The Estate of Capps, 154 S.W.3d 242 (Tex. App.–Texarkana 2005) provides an opportunity to consider these questions.
Facts & Procedural History
This case involves a case where a copy of a Will was admitted to probate.
The decedent executed the Will and provided a copy to a member of her church and provided another copy to a third party who was likely a friend. The decedent kept the original copy of her Will. When she died, the original copy of the Will could not be found.
The probate court admitted one of the copies of the Will to probate and appointed a personal representative to carry out the terms of the Will.
Two parties challenged the admission of the Will to probate. The court opinion is not clear, but it appears that a family member was one of the parties who challenged the Will.
The appeals court had to decide whether the lower court was correct in admitting the copy of the Will to probate.
Requirements for a Will to be Valid Under Texas Law
A Will is a legal document. It has to be executed with certain formalities to be valid.
Specifically, the Will must be reduced to writing. It has to be signed by the decedent or another person at the direction of the decedent.
The Will has to be signed and attested to by two or more witnesses. The witnesses have to sign their name to the Will in while in the decedent’s presence. The witnesses have to be at least fourteen years old.
The courts regularly enforce these requirements. Deficiencies result in the Will not being admitted to probate. The result is that the decedent is presumed to have died without a Will. That means that Texas law, not the Will, dictates who gets the decedent’s property and who is entitled to serve as the administrator for the estate.
How Do You Prove a Will is Valid?
Most Wills in Texas include a self-proving affidavit. This affidavit is attached to the end of the Will.
The statement includes language that is found in the Texas Estates Code. Basically, this language just affirms that the requirements listed above for a valid Will have been met.
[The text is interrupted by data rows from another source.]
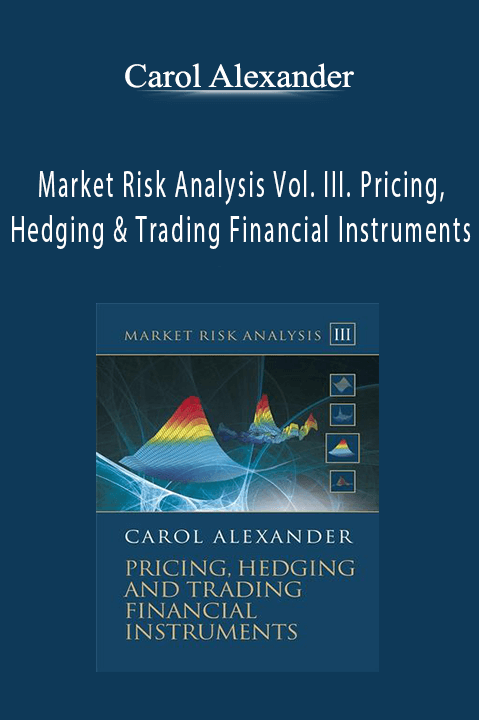 Market Risk Analysis Vol. III. Pricing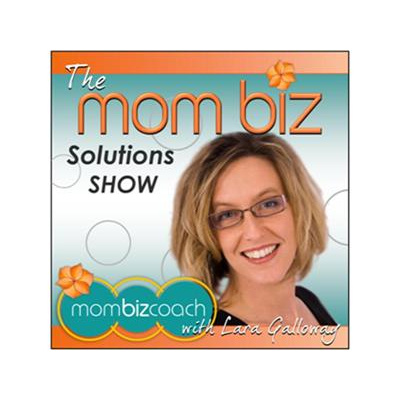 Mom Biz Solutions With Lara Galloway, The Mom Biz Coach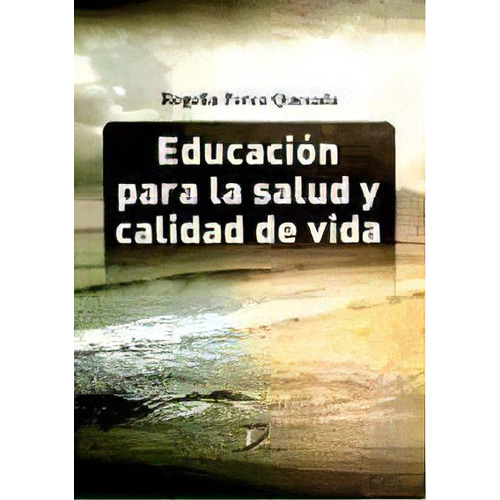 Educacion Para La Salud Y Calidad De Vida De R, De Rogelia Perea Quesada. Editorial Diaz De Santos En Español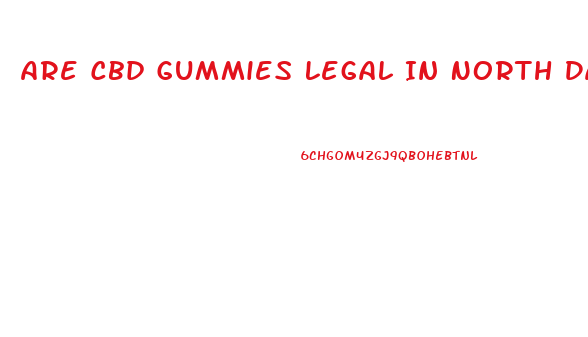 Are Cbd Gummies Legal In North Dakota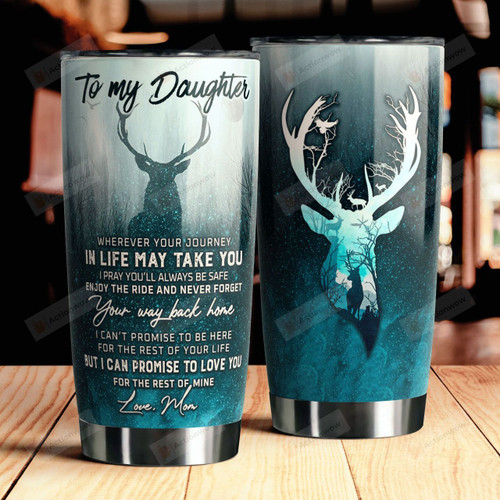 Personalized Deer Tumbler To My Daughter Whenever Your Journey In Life Best Gifts For Deer Daughter From Mom Birthday Christmas 20 Oz Sport Bottle Stainless Steel Vacuum Insulated Tumbler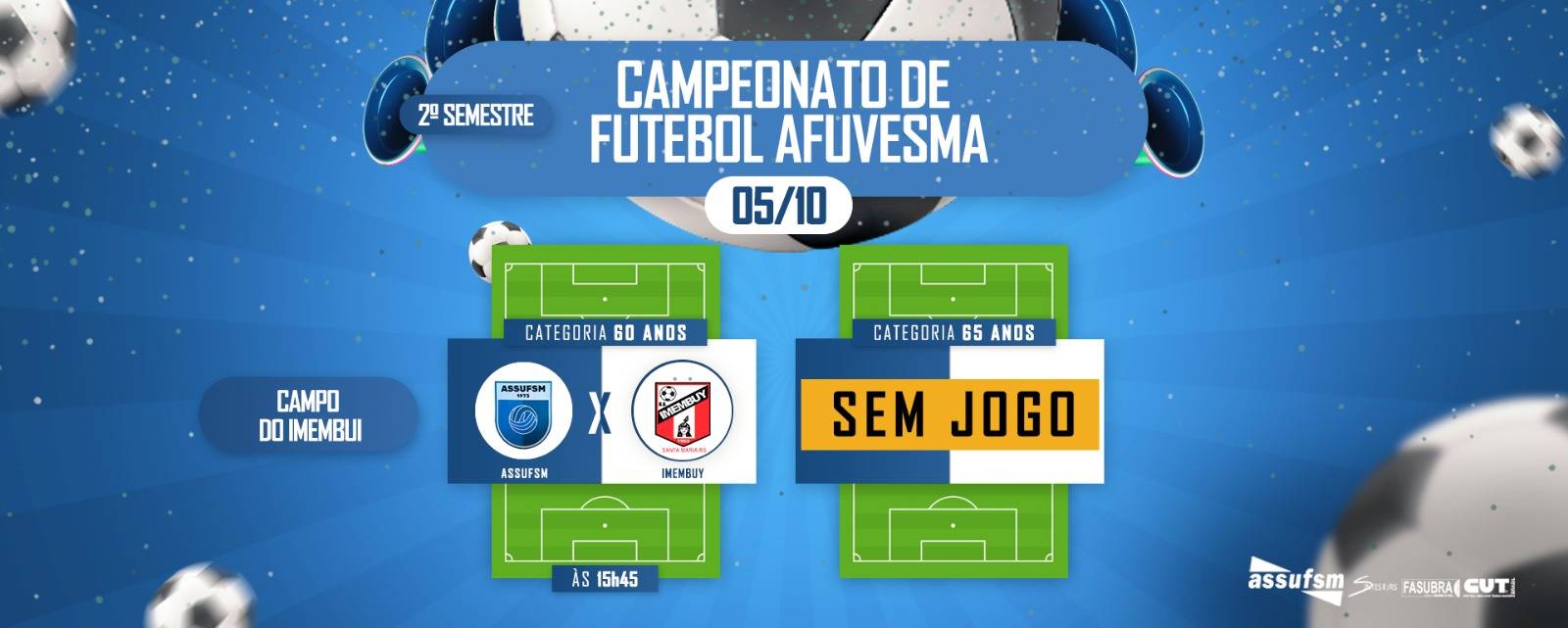 Confira a agenda Futebol da ASSUFSM para o dia 05 de outubro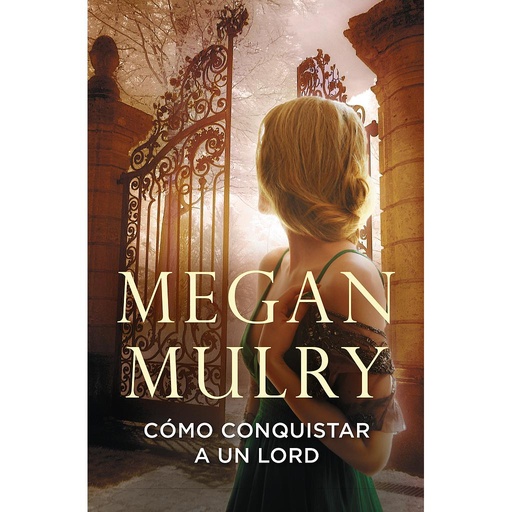 [9788415962205] Cómo conquistar a un lord (Amantes reales 2)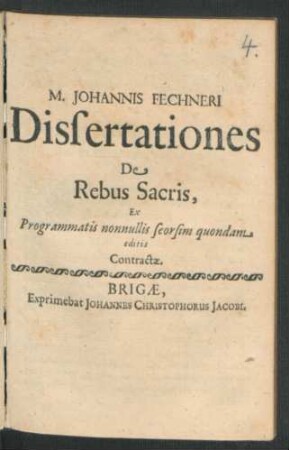 M. Johannis Fechneri Dissertationes De Rebus Sacris : Ex Programmatis nonnullis seorsim quondam editis Contractae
The affidavit is signed by the two witnesses and notarized by a licensed notary.
The purpose of this notarized affidavit is to allow the probate court to admit the Will to probate without having the witnesses show up to court.
If the Will does not have a self-proving affidavit (or a valid self-proving affidavit), then one generally has to have two witnesses attend the probate court hearing to verify that the Will is valid. They do this by testifying either that they read the Will and know that it is a true and correct copy of the decedent’s Will or they recognize the decedent’s signature on the Will.
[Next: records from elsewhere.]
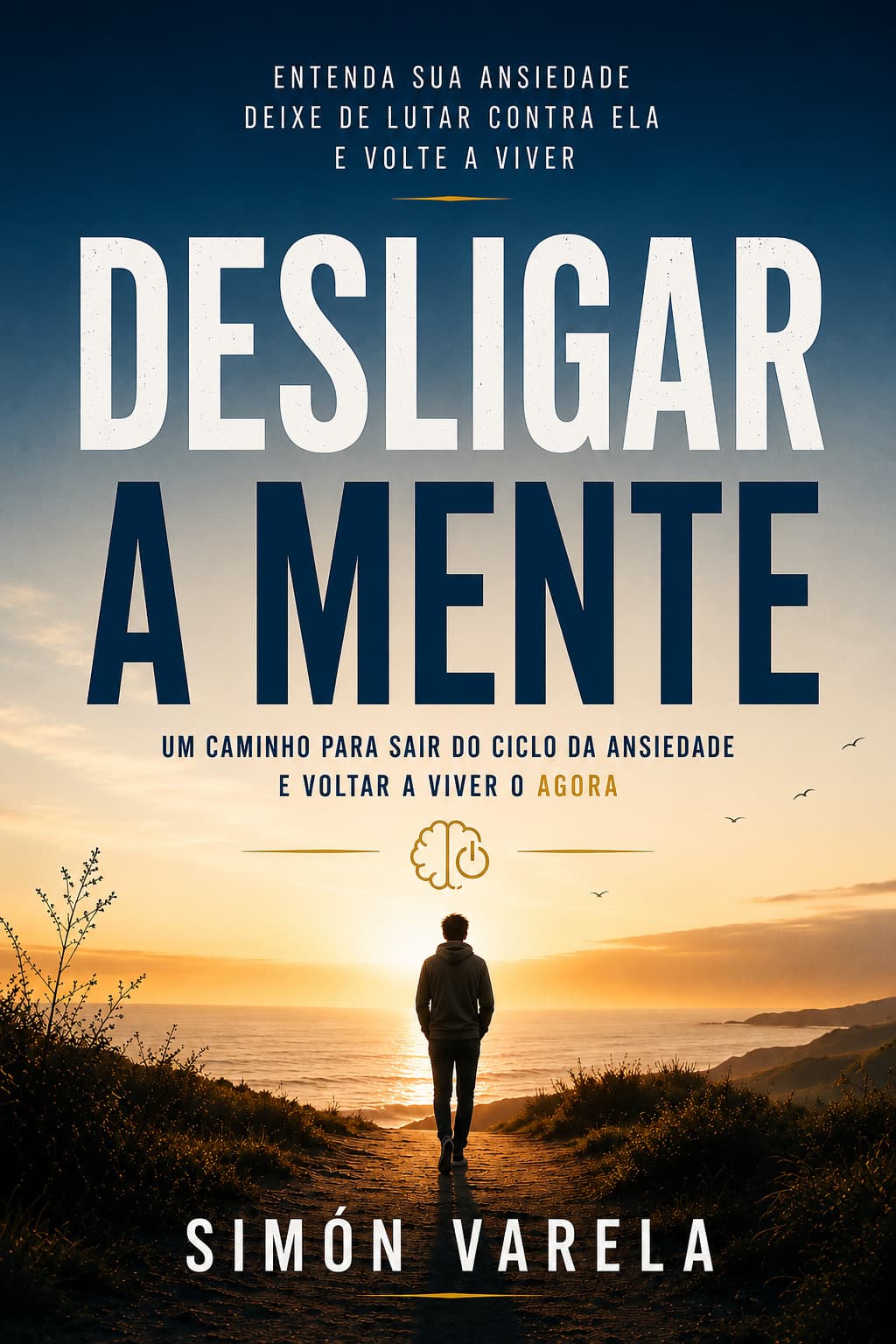 Capa de Desligar a mente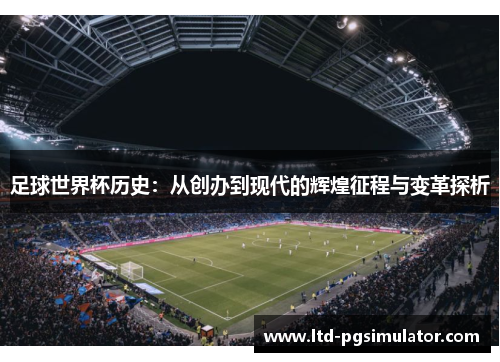 足球世界杯历史：从创办到现代的辉煌征程与变革探析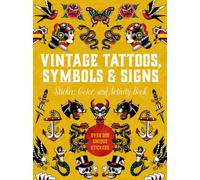 Vintage Tattoos, Symbols & Signs Sticker, Color & Activity Book : Over 500 Unique Stickers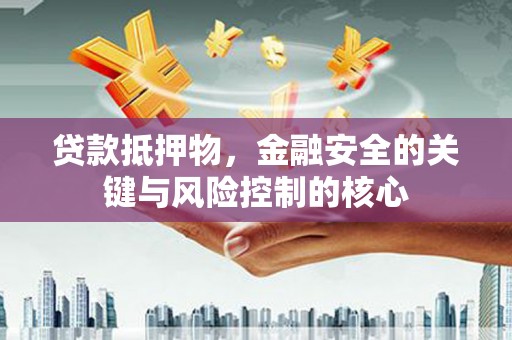 确山贷款抵押物，金融安全的关键与风险控制的核心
Proving Up a Copy of a Will
This brings us back to the issue in this case. How does one prove up a Will or show that it is valid if only a copy of the Will can be located?
The Estate of Capps case provides the answer. In Capps, the court considered testimony from the two parties who the decedent provided a copy of the Will to. They testified that the Will was a true and correct copy of the decedent’s Will. They testified as to their familiarity with the decedent’s handwriting and identified the handwriting of the Will as hers.
This is very similar to the process of proving up a Will that does not have a self-proving affidavit (or a valid self-proving affidavit).
While it sounds simple, this is often a difficult task. It is often difficult to find third parties who can provide this testimony. It is common for those who are older to not have as many acquaintances who are still living and able to attend court hearings or testify forcefully at those hearings. This is especially true given that they have to testify about a document and/or the decedent’s signature that they may not have seen in writing in several years, if not several decades.
In cases like this, one may even have to enlist a handwriting expert. These experts will often obtain samples of the decedent’s signatures from public records (such as deeds, marriage licenses, etc.) and compare those to the signature on the copy of the Will. The probate attorney can then try to admit the expert testimony or report as evidence that the copy of the Will is valid.
The Estate of Capps case shows that losing an original Will may not be a problem. A copy of the lost Will can be admitted to probate. This is not ideal, however, given the inherent difficulties in probating the copy of the Will. These difficulties can often result in probate litigation it provides an opportunity for family members and others who do not agree with the Will to question the Will. This is why it is important to not only keep an original Will but to make sure that survivors can locate the original copy of the Will.